[[ Material supplied, beginning ]]

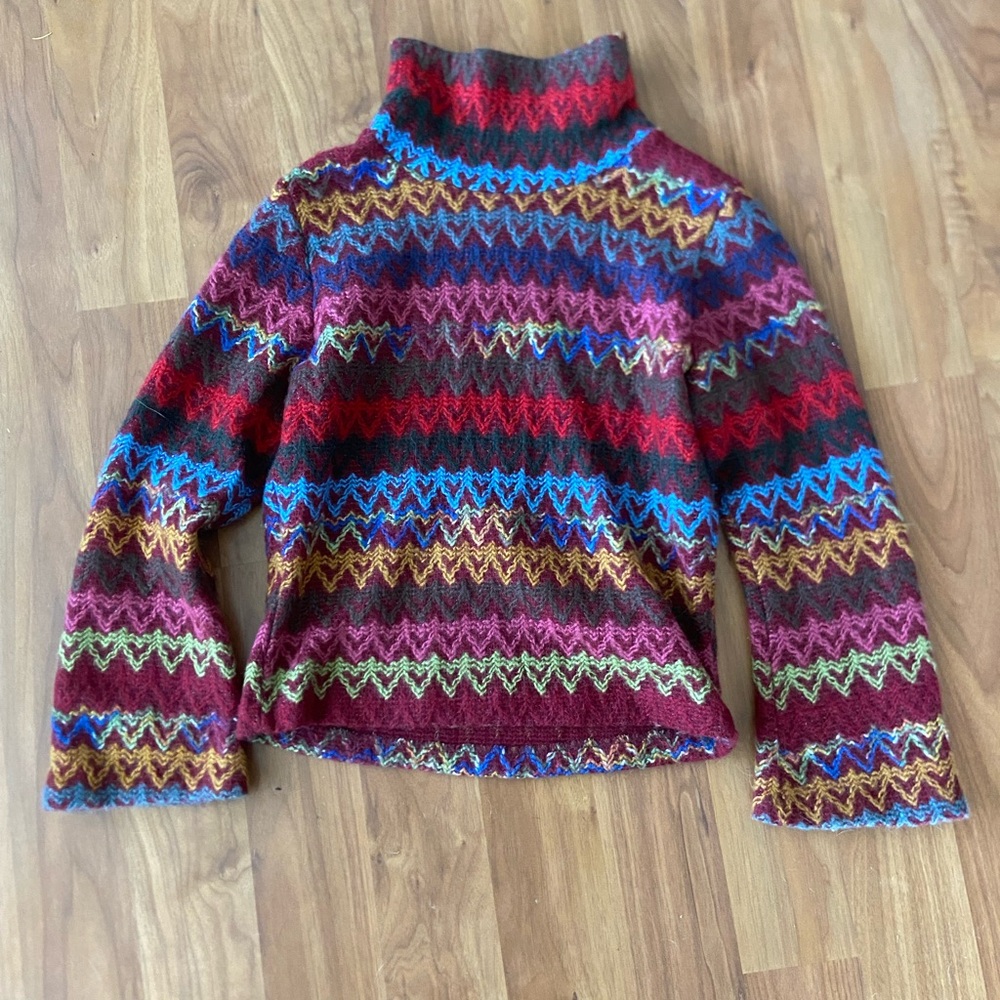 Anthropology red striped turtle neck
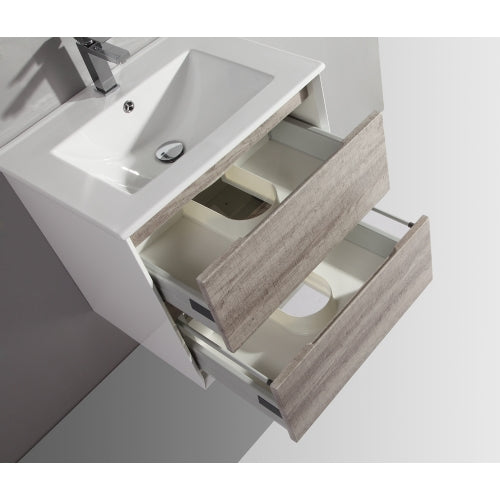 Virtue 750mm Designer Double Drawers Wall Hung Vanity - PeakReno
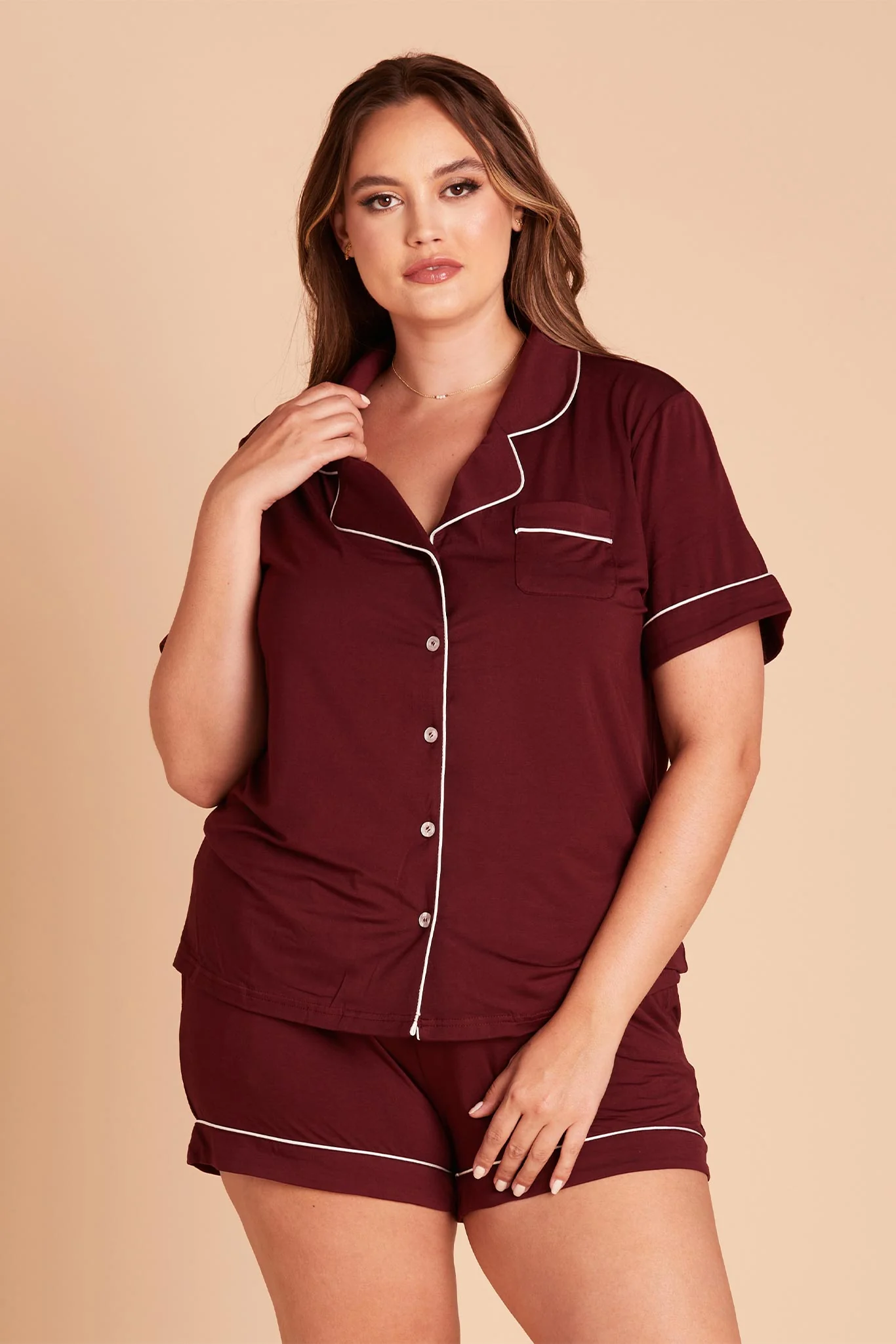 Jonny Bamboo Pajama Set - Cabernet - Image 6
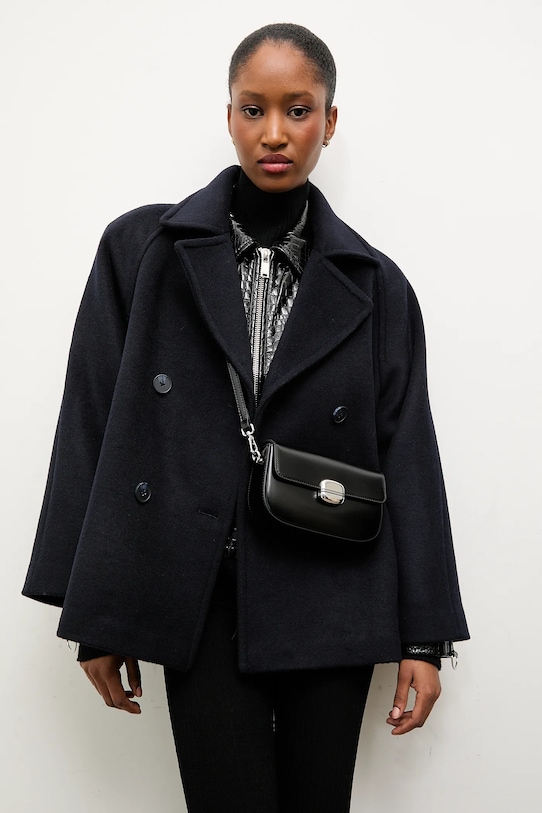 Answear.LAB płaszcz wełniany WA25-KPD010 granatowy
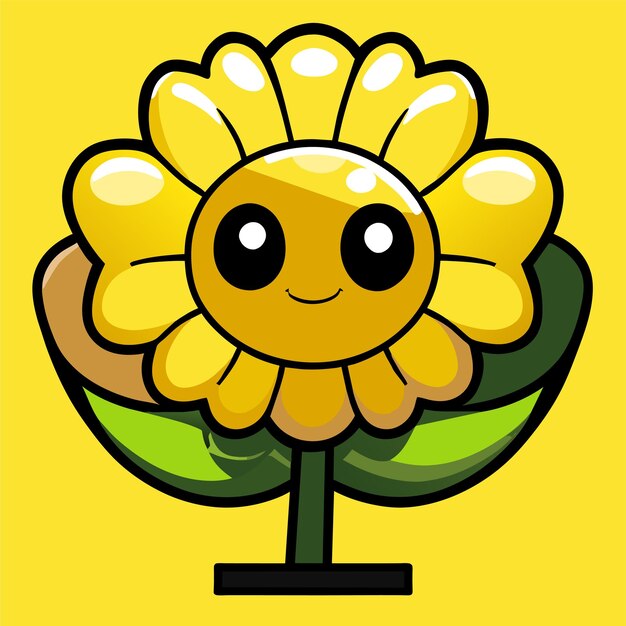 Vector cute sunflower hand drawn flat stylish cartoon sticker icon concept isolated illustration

[[ Material supplied, end ]]

> [Problem to work on]
Repeat each line word for word, from the one with "Virtue 750mm Designer" down to the last line of the data, and keep the pictures out of it.

> [Response to the task]
 Virtue 750mm Designer Double Drawers Wall Hung Vanity - PeakReno
 Jonny Bamboo Pajama Set - Cabernet - Image 6
 Answear.LAB płaszcz wełniany WA25-KPD010 granatowy
 Vector cute sunflower hand drawn flat stylish cartoon sticker icon concept isolated illustration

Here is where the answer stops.